▶ _WORK ITEM_: Please count the lines in the data below that mention the word "صحيات", then give only the total.

[Crawled caption data]

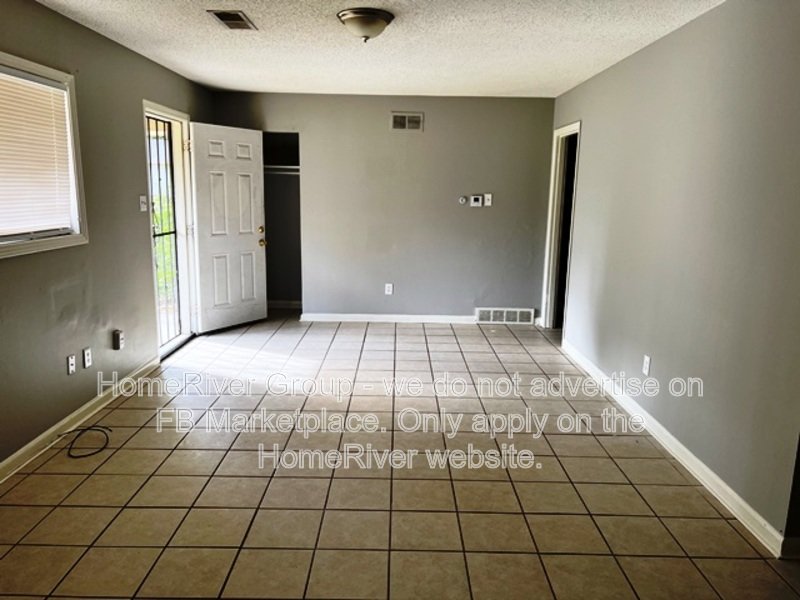 4 BR Memphis Home! Located in Parkway Village property image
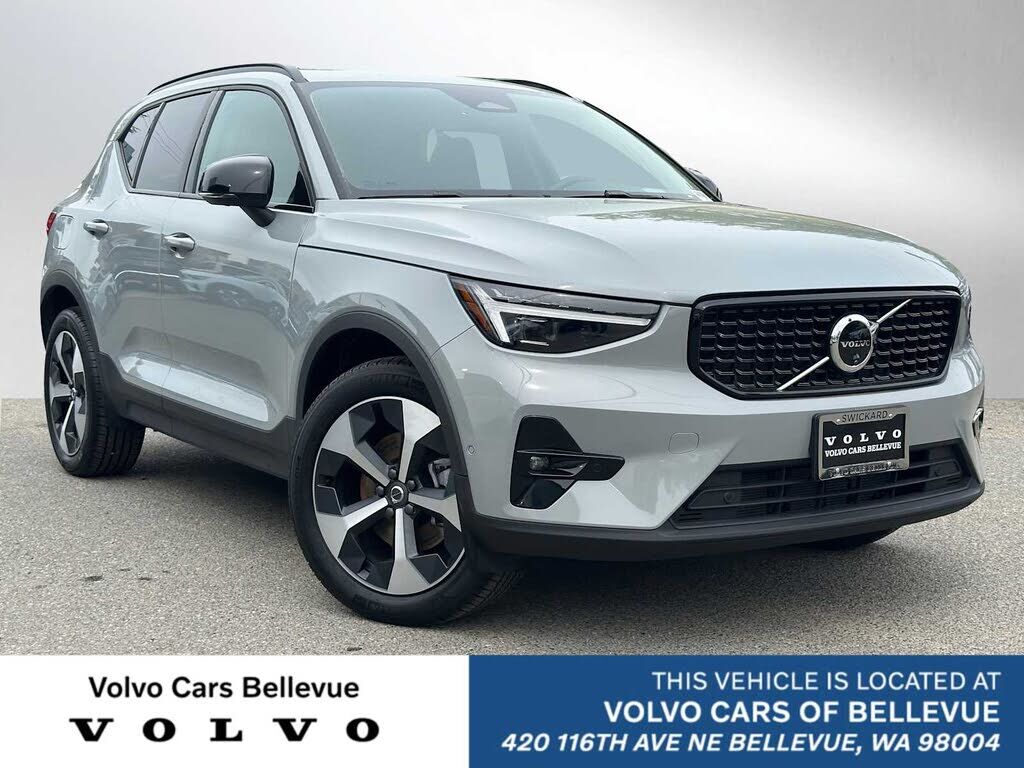 2026 VOLVO XC40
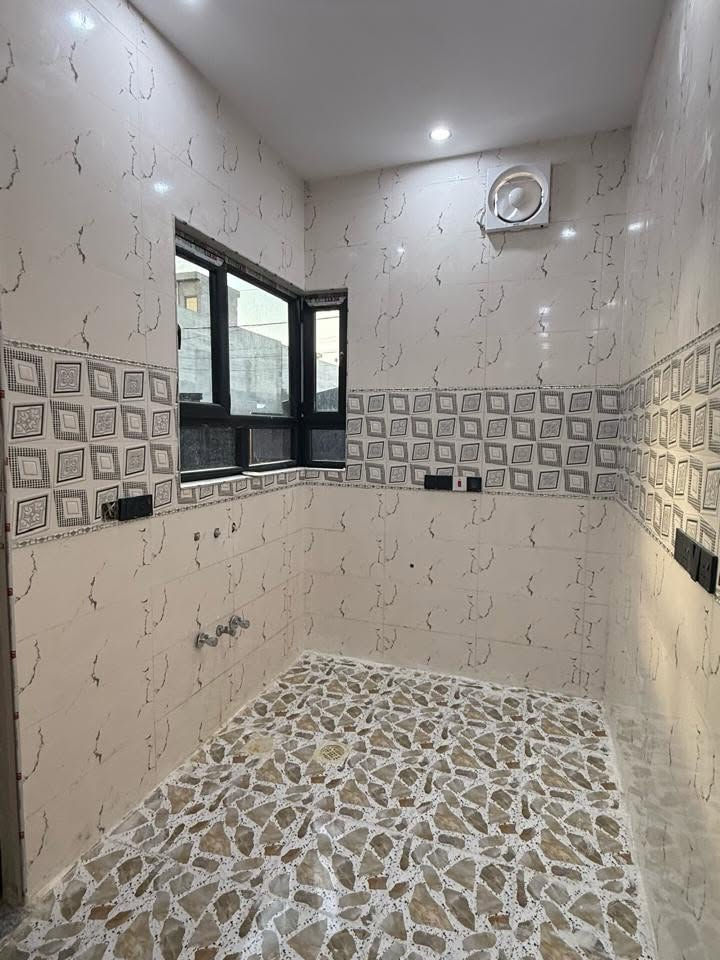 بيت للإيجار حديث غير مسكون 

📍 الموقع: حي الشيماء 
📐 المساحة: 100 م²
🏘️ عدد الطوابق: طابق ونص 

تفاصيل الدار:

🔸 الطابق الأرضي:
غرف نوم عدد 1. + هول + استقبال + مطبخ + صحيات داخلية + صحيات خارجية

🔸 الطابق الثاني:
غرف نوم عدد 1 + هول + صحيات 

للاستفسار ومعرفة التفاصيل، مراجعة مكتب أيسر الشيخ للعقار

📌 عنوان المكتب:
الموصل / حي الوحدة / مقابل جامع الودود وسانكو مول

📲 للتواصل:
▪️ايمن الشيخ : ***********
▪️ وسام الحمداني : ***********

بدل الإيجار 300 الف سعر نهائي
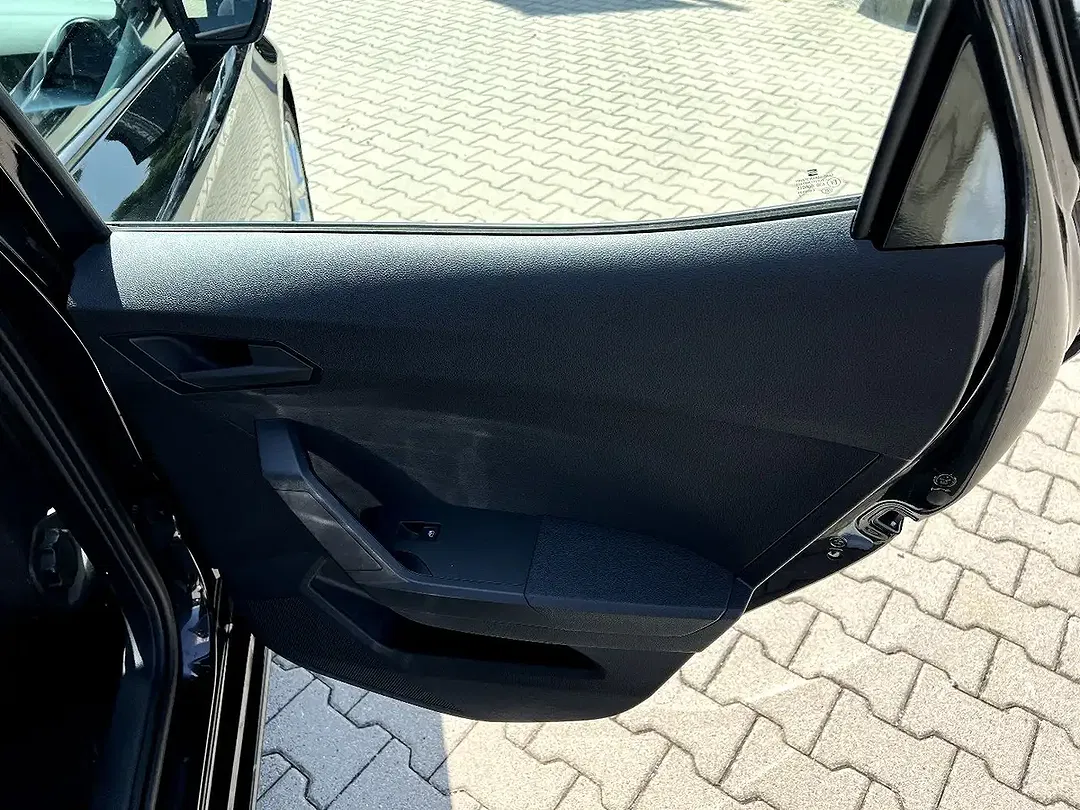 SEAT Ibiza - Thumbnail 14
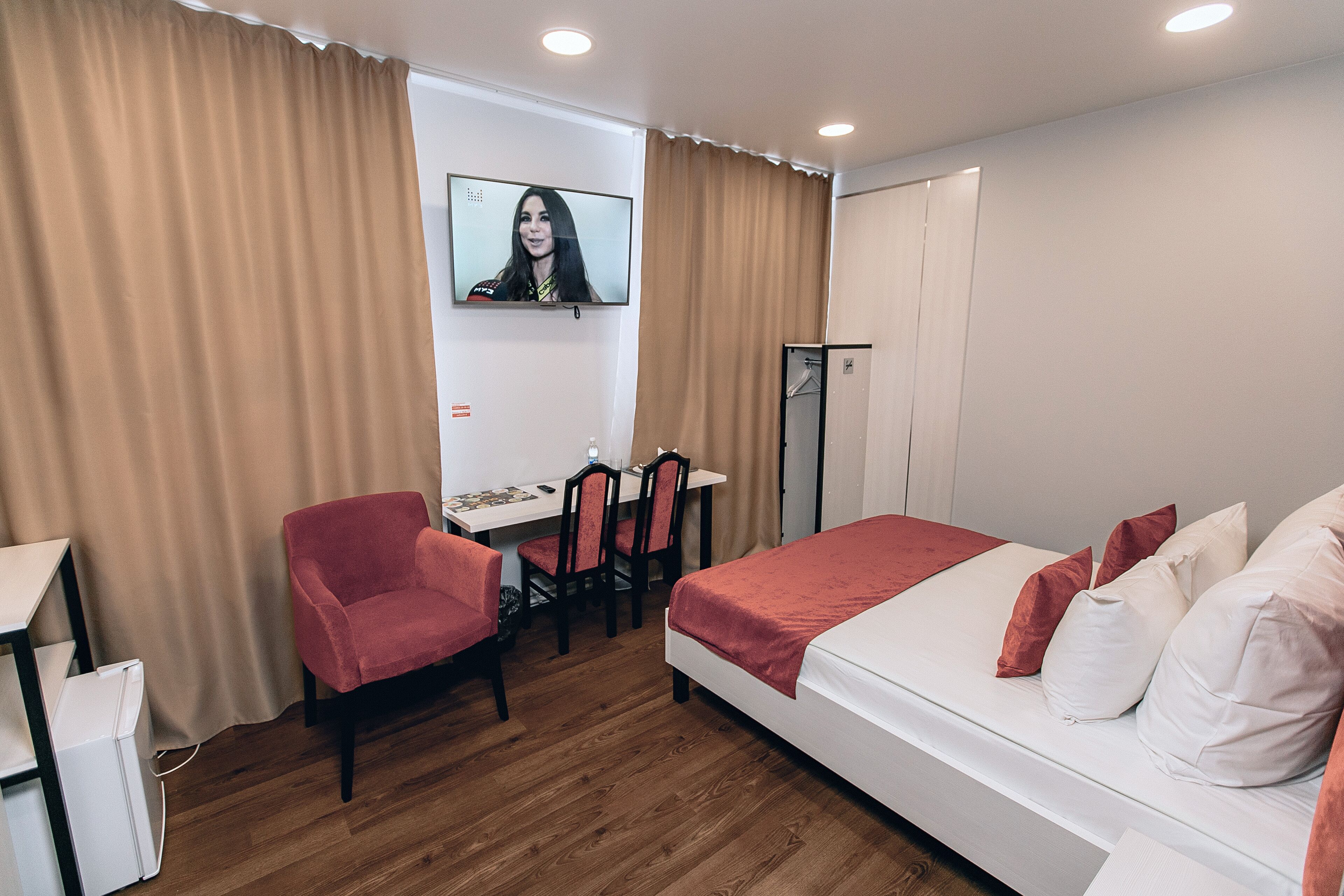 Red Fox Hotel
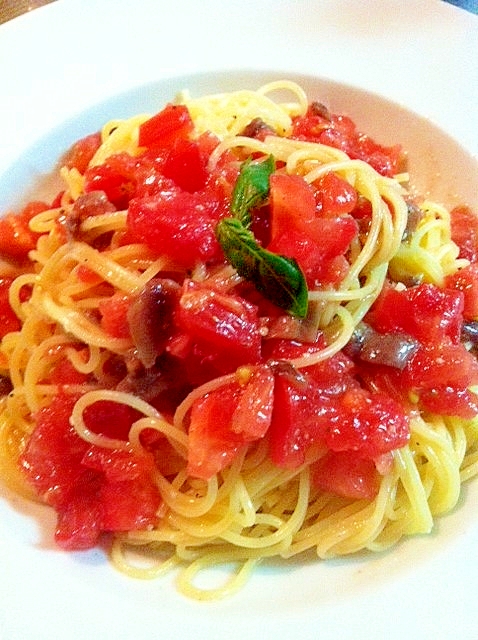 アンチョビの冷製トマトスパゲッティ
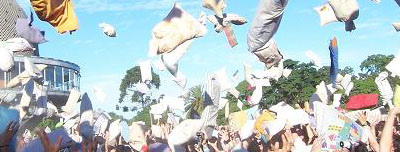 Flash mob : bataille de polochons en pleine rue à New-York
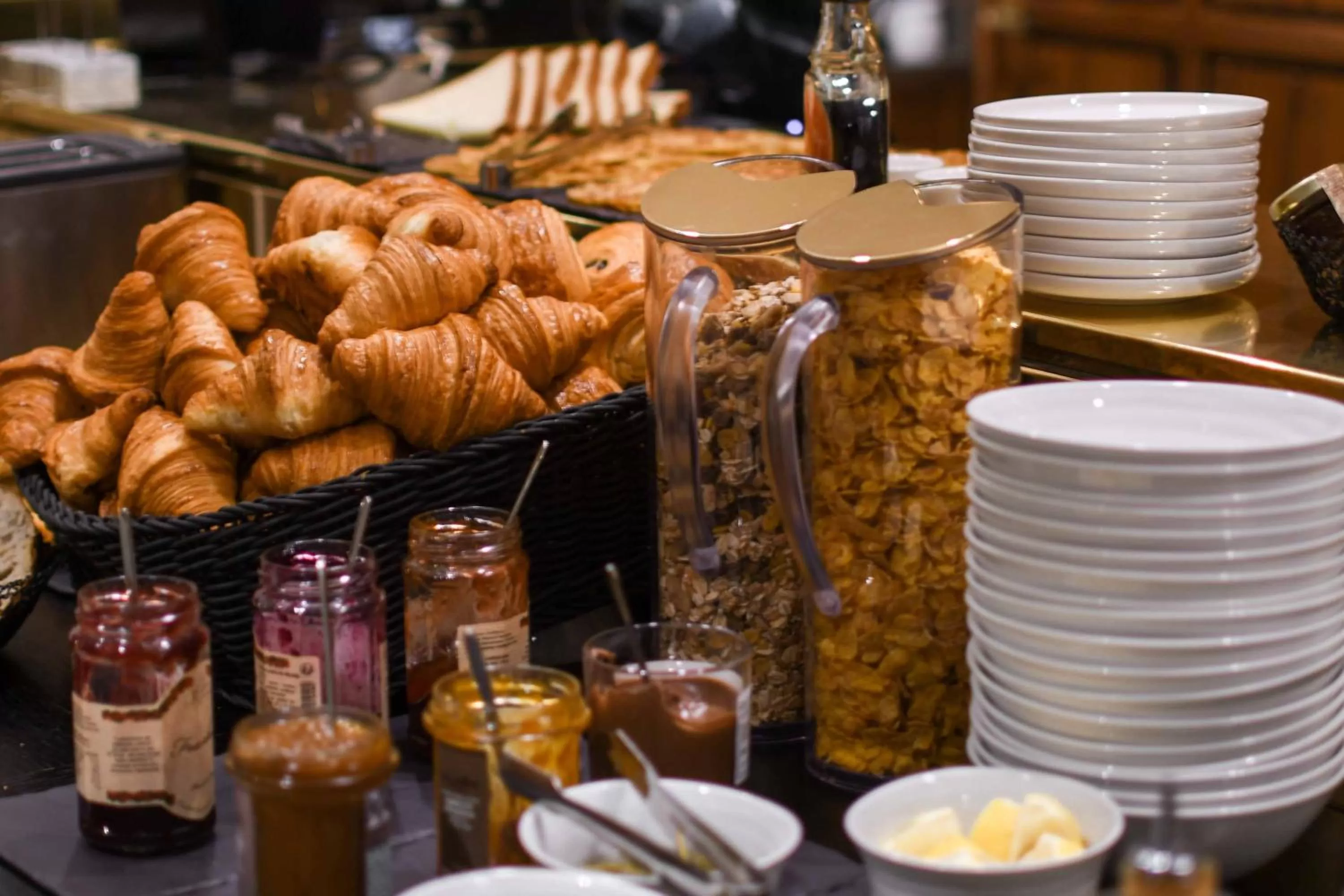 Breakfast in Hotel Parister Piscine & Spa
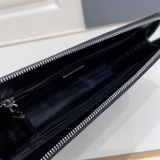 Prada Men's Classic Triangle Logo Handbag Size: 26.5 x 17 x 5 CM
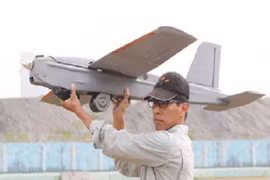 Đài Loan “khoe” liền lúc 2 loại UAV trinh sát mới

▶ _SOLUTION FOR THIS EXERCISE_: 2